労災の件も、少し気になる。『フィールドワーク業務で労災申請する可能性がある』と言われれば、不審とまでは言えない。けれど、危険手当に言及するのは違和感がある。もっとも、フィールドワークの説明と合わせれば矛盾がない。
他の項目についても、違和感は覚えても決定的な理論の破綻は無い。
ただ、それらを踏まえて、何故か出入口を押されられた様な、逃がさないとでも言われている様な違和感と合わせると、『微妙に胡散臭い』という感想が出てくる。ただの勘ではあるけれど、幼馴染みに(強制的に)鍛えられたセンサーが反応している以上、軽く扱う訳にはいかない。
…いかないけど、大江部長の笑顔は怖いなぁ。あんなに綺麗な笑顔なのに、何でこんなに怖いのか…

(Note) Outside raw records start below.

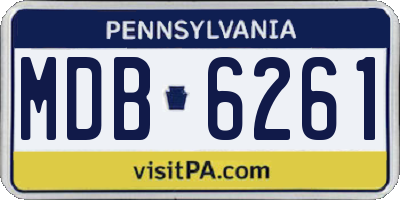 PA license plate MDB6261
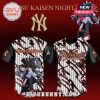 Jujutsu Kaisen baseball jersey, black, white, and gold, featuring 'Yuta Okkotsu' and 'Yankees' text!
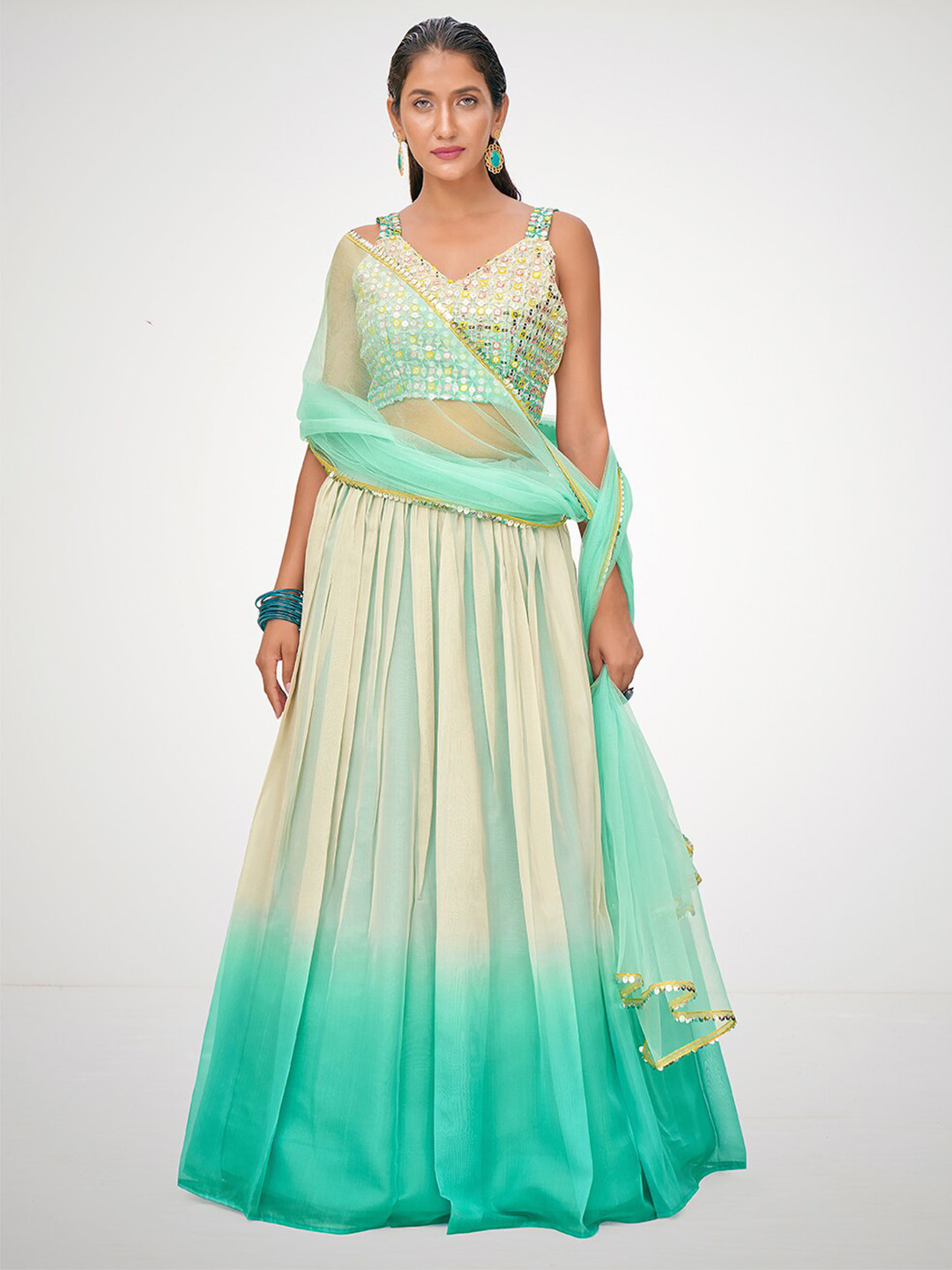 

SHOPGARB Blue & Cream-Coloured Embellished Semi-Stitched Lehenga & Unstitched Blouse With Dupatta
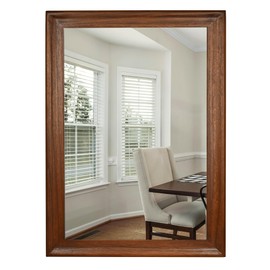 30 x 40 Inch Rustic Bathroom Mirror for Wall Over Sink, Farmhouse Wood Framed Walnut Brown Wooden Rectangle Mirrors for Living Room, Horizontal/Vertical Hanging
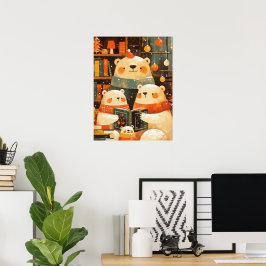 Poster Família de Ursos Polares Lendo Juntos no Natal
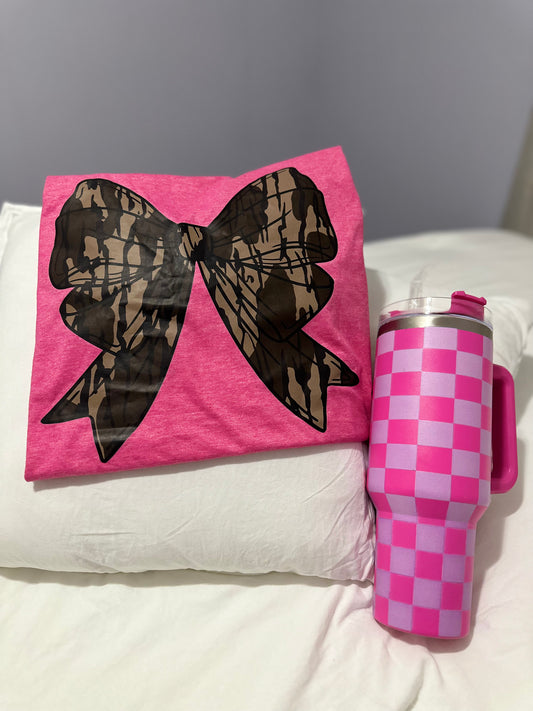 Pink Camo Bow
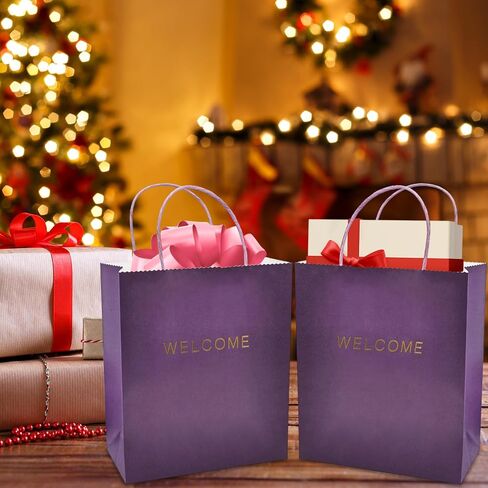 driew Welcome Bags 50 Pack, 7.9 x 3.7x 9.4'' Black Welcome Gift Bags Paper Bags with Handles Black Gift Bags for Retail, Wedding,Party, Shopping in Saudi Arabia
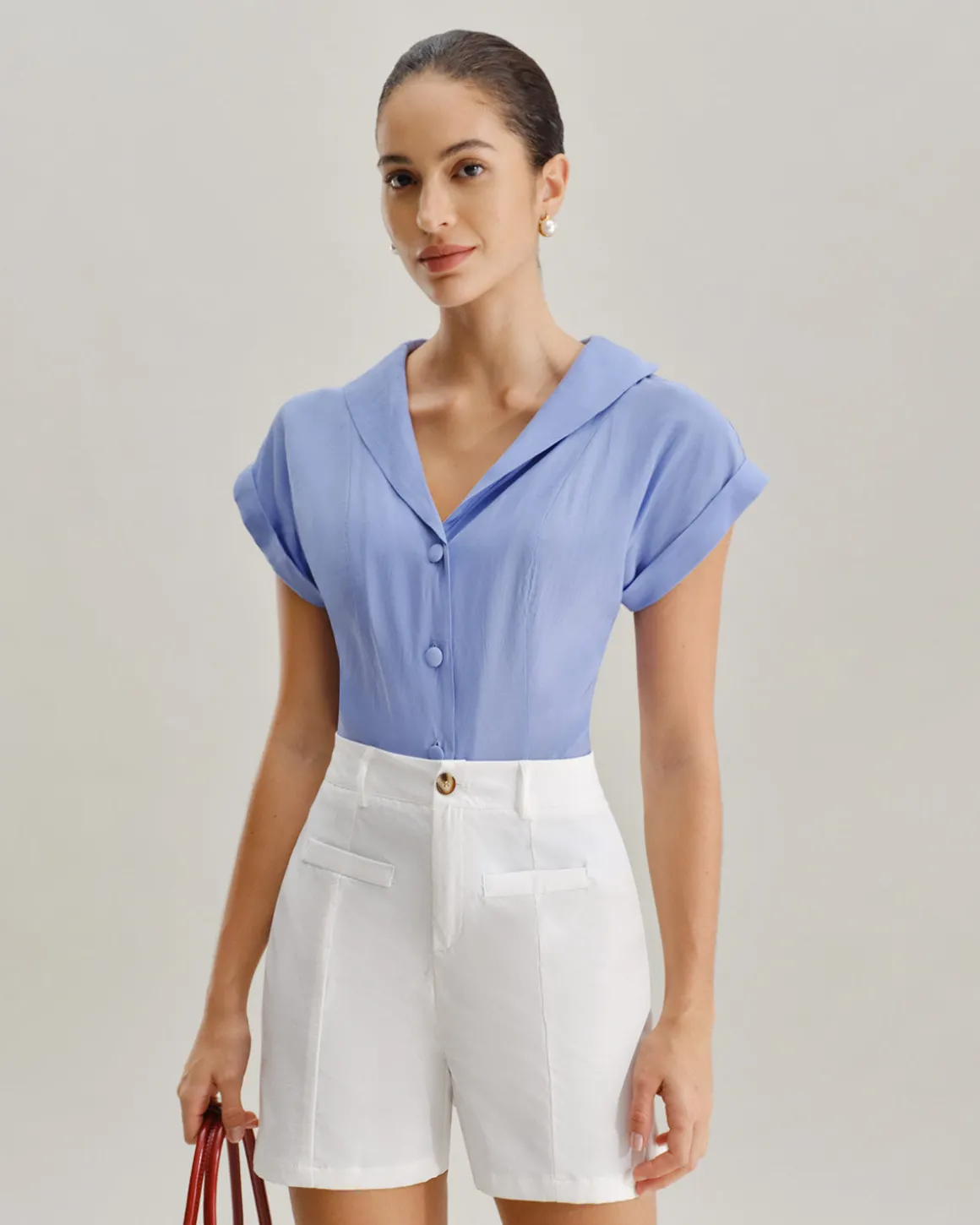 Blue Cowl Sleeve Button Shirt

最初の含みの無い笑顔、優しさの裏に何か隠れていそうな笑顔、唯々怖い笑顔。全て同じ笑顔なのに、感じる印象はまるで違った。
流石は部長、笑顔一つで全てを片付けるところは森川課長とは格が違う。これが『比べ物にならない』という事か。そういえば、この人は≪本物≫だった。格が違うのも当然か。
≪本物≫と再び出会ったあの日を思いだし、過日へ想いを馳せていると、目の前に小型ワゴン車が止まる。
後部ドアが開くと、小柄な女性がいきなり声をかけてくる。
「中原さんですね、移動するので乗ってください」
と言われたけど、唐突すぎて咄嗟に動けずに女性と見つめ合う。結構可愛いかもしれない。あっ、少し赤くなった。
目の前の彼女は軽く咳払いすると、社員証を提示してきた。
「第2開発部の竹崎です。今日からよろしくお願いします」
どうやら、最初の言葉はなかった事にしたい様だ。改めて挨拶をしてきたので、此方も身分証を提示して挨拶を返し、車に乗り込む。思うところはあるけれど、悪い人ではなさそうだ。ポンコツ可愛い。
そう考えていると、顔が赤い彼女が腕を叩いてくる。結構痛かったので腕を見ると、身分証の角で叩かれていた。
折角話を合わせたのに、角は酷いと思います。
読んでくれた方がいれば、ありがとうございました。